Oh, ça c'était un extrait du topic du CoCo :coeur:
Tu as reconnu !  :banane:

Citer
Citer
Il y avait rencontré des peuples de petite taille, aux yeux bridés. C’est là-bas que le père de Ruan avait appris cet art martial
... Oui donc il a rencontré des chinois :mrgreen:
*Je cours me cacher loin*
Presque... des Japonais... ;)

 
Citer
Voilà, chapitre fini.
Je voulais juste revenir sur un point qui commence à me chiffonner, même si l'histoire se laisse lire.
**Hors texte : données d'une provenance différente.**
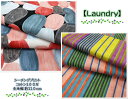 【シーチングプリント】●『Laundry』だえん・ストライプ●【生地 コットンプリント ワンピース スカート お洋服 エプロン 袋 小物 チュニック ウェア 母...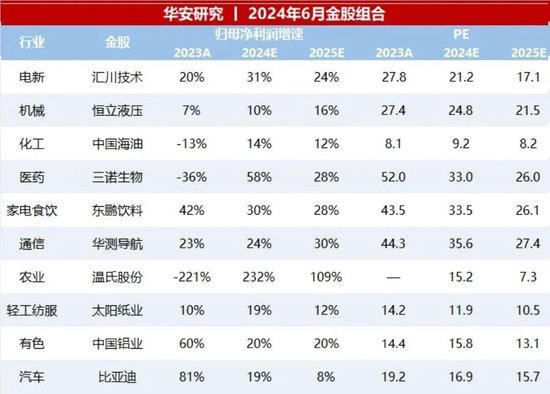 华安证券：2024年6月度十大金股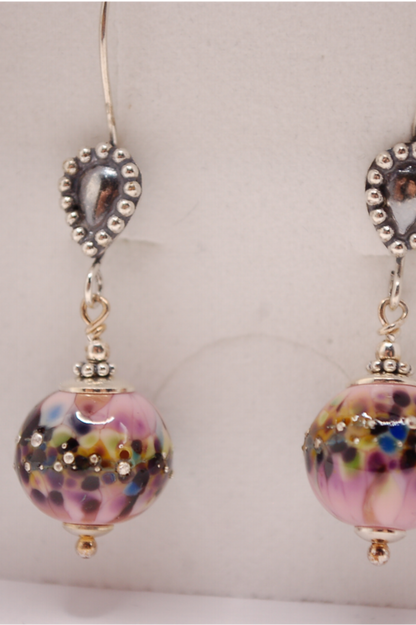 Örhängen i glas och 925 sterling silver - Rosa - Marianne Degener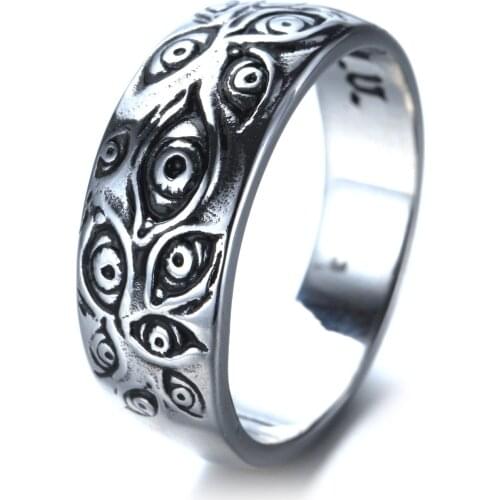 2021 Vintage Punk Carved Eyes Mens Ring Finger Jewelry Hip Hop Rock Culture Ring Unisex Women Male Party Metal Rings Accessories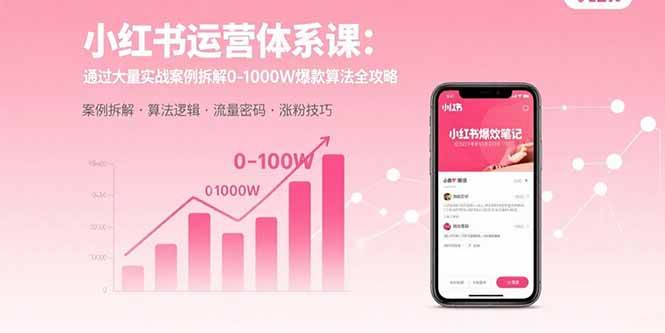 小红书运营体系课：通过大量实战案例拆解0-1000W爆款算法全攻略-宇文网创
C'est le manque d'objectif de la part des héros. Cela fait 3 chapitres qu'on a des expositions de "tranches de vie", sans élément perturbateur pour repiquer l'intérêt.
Bon, je dis ça mais j'ai le même souci avec Hyulya :mrgreen:
Oui, c'est vrai... Dans la première version, le chapitre 1 n'existait pas mais je l'ai rajouté car il me semblait important de connaître un peu Glyndwr (le méchant) pour comprendre ce qui va se passer dans les chapitres suivants.  Et lees chapitres 2 et 3 étaient plus courts mais du coup, la psychologie de Melwyn était beaucoup moins développée...
C'est vrai que ça fait peut-être long mais je ne vois pas pour l'instant comment faire autrement.
Et puis, si tu as lu le Seigneur des Anneaux, il faut attendre presque 90 à 100 pages avant que les problèmes arrivent... Je dis ça, je dis rien ! ::)

Citer
Après j'aime bien l'univers que tu mets en place, et tous ces peuples qui ont tous leurs particularités. J'ai bien aimé l'image des elfes qui pour mourir disparaissent petit à petit :coeur:
Merci !  :coeur:

Il faut aussi que j'aille terminer de lire ton chapitre 2....

A bientôt!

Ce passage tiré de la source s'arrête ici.